### Information supplied
=======

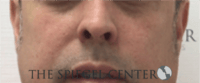 Cheek Implants Before & After Gallery - Patient 442417 - Image 3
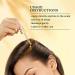 Indu..lekha Sve..tak..utaja Scalp Serum Dandruff Treatment Silicone & Paraben Free Ayurvedic Formula - Buy Online on GoSupps.com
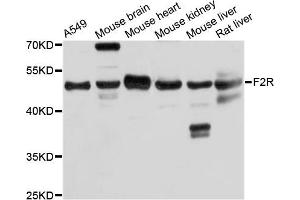 Western blot analysis of extracts of various cell lines, using F2R antibody. (PAR1 antibody)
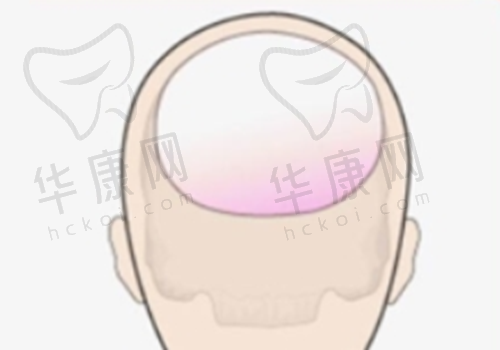 诊疗成效：自然美观的蜕变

=======

### Task details
Your answer must be an exact copy of the lines from the line with "Indu..lekha Sve..tak..utaja Scalp" to the final line of the data, both ends included, and no pictures.

### Written reply
 Indu..lekha Sve..tak..utaja Scalp Serum Dandruff Treatment Silicone & Paraben Free Ayurvedic Formula - Buy Online on GoSupps.com
 Western blot analysis of extracts of various cell lines, using F2R antibody. (PAR1 antibody)
 诊疗成效：自然美观的蜕变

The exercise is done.